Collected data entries
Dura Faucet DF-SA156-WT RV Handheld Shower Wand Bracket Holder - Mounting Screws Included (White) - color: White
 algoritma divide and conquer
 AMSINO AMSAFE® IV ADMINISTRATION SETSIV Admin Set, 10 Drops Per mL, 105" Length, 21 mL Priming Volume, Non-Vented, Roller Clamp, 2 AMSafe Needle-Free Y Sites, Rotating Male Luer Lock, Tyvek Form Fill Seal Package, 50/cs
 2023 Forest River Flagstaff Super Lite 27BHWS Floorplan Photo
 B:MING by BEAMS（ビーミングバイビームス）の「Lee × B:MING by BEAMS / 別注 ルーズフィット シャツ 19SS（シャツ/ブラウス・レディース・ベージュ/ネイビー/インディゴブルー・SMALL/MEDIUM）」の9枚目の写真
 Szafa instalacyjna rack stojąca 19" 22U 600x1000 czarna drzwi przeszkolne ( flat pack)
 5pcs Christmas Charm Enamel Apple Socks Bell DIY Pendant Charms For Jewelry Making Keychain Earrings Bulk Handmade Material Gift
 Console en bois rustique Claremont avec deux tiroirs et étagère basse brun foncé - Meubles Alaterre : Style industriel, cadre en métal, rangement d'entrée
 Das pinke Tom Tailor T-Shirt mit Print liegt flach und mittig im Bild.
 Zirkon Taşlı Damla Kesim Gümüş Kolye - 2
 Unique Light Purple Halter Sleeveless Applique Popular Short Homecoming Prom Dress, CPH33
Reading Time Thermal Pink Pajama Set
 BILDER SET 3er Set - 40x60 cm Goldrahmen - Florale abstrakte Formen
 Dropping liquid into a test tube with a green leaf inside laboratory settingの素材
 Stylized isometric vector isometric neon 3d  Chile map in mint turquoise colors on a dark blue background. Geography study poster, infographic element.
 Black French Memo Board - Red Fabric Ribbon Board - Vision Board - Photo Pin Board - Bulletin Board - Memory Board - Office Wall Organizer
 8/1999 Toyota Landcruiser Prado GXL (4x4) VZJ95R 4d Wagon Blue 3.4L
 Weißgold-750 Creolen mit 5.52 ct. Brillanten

Exercise description: Reproduce exactly the lines from the one with "Szafa instalacyjna rack" through the end of the entries above, both ends included.

Response to this exercise:
 Szafa instalacyjna rack stojąca 19" 22U 600x1000 czarna drzwi przeszkolne ( flat pack)
 5pcs Christmas Charm Enamel Apple Socks Bell DIY Pendant Charms For Jewelry Making Keychain Earrings Bulk Handmade Material Gift
 Console en bois rustique Claremont avec deux tiroirs et étagère basse brun foncé - Meubles Alaterre : Style industriel, cadre en métal, rangement d'entrée
 Das pinke Tom Tailor T-Shirt mit Print liegt flach und mittig im Bild.
 Zirkon Taşlı Damla Kesim Gümüş Kolye - 2
 Unique Light Purple Halter Sleeveless Applique Popular Short Homecoming Prom Dress, CPH33
Reading Time Thermal Pink Pajama Set
 BILDER SET 3er Set - 40x60 cm Goldrahmen - Florale abstrakte Formen
 Dropping liquid into a test tube with a green leaf inside laboratory settingの素材
 Stylized isometric vector isometric neon 3d  Chile map in mint turquoise colors on a dark blue background. Geography study poster, infographic element.
 Black French Memo Board - Red Fabric Ribbon Board - Vision Board - Photo Pin Board - Bulletin Board - Memory Board - Office Wall Organizer
 8/1999 Toyota Landcruiser Prado GXL (4x4) VZJ95R 4d Wagon Blue 3.4L
 Weißgold-750 Creolen mit 5.52 ct. Brillanten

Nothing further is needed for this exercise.